Discutimos isso num clube de leitura, e um cara falou algo que nunca esqueci: 'K. não é executado pelo sistema, ele é o sistema se devorando'. Isso explica a cena quase ritualística da morte, onde até a vítima colabora. Fiquei semanas obcecado com essa ideia. O final não é um ponto final, é um espelho quebrado refletindo pedaços de todos nós.
Hudson
Hudson
2026-05-08 06:12:40
Meu coração ainda acelera quando lembro da última página de 'O Processo'. Josef K. é levado como um cordeiro ao abate, sem entender o porquê, sem resistência. A frieza do narrador contrasta com o horror absurdo da situação. A cena da faca sendo passada entre os carrascos me fez sentir um nó na garganta. Kafka não dá respostas, só amplia o vazio. E é justamente essa falta de conclusão que martela na mente: a burocracia devora até o último suspiro de dignidade, e nós, leitores, ficamos tão desorientados quanto o protagonista.

Reli o capítulo final três vezes, tentando achar pistas onde talvez só exista poeira.

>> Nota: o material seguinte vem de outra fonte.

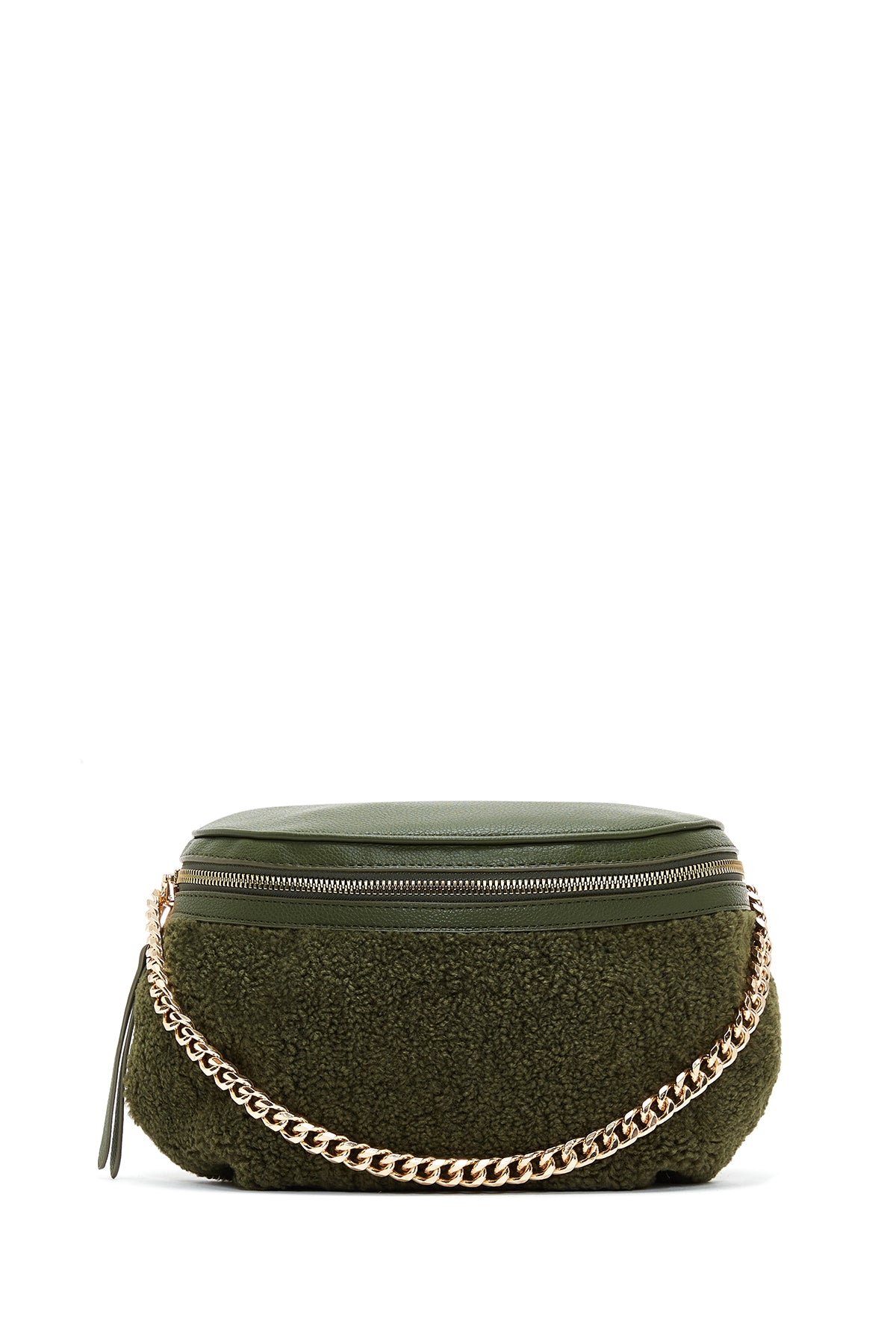 Women's Green Plush Waist Bag 22WBD2476PH | Derimod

O que mais me assombra é a naturalidade com que K. aceita seu fim. Seria resignação? Falta de alternativa? Ou será que, após tanto tempo sendo enredado pelo sistema, ele internalizou a própria culpa? Essa ambiguidade é genial. O livro não termina, ele escorre entre os dedos como areia, deixando um rastro de perguntas sem eco.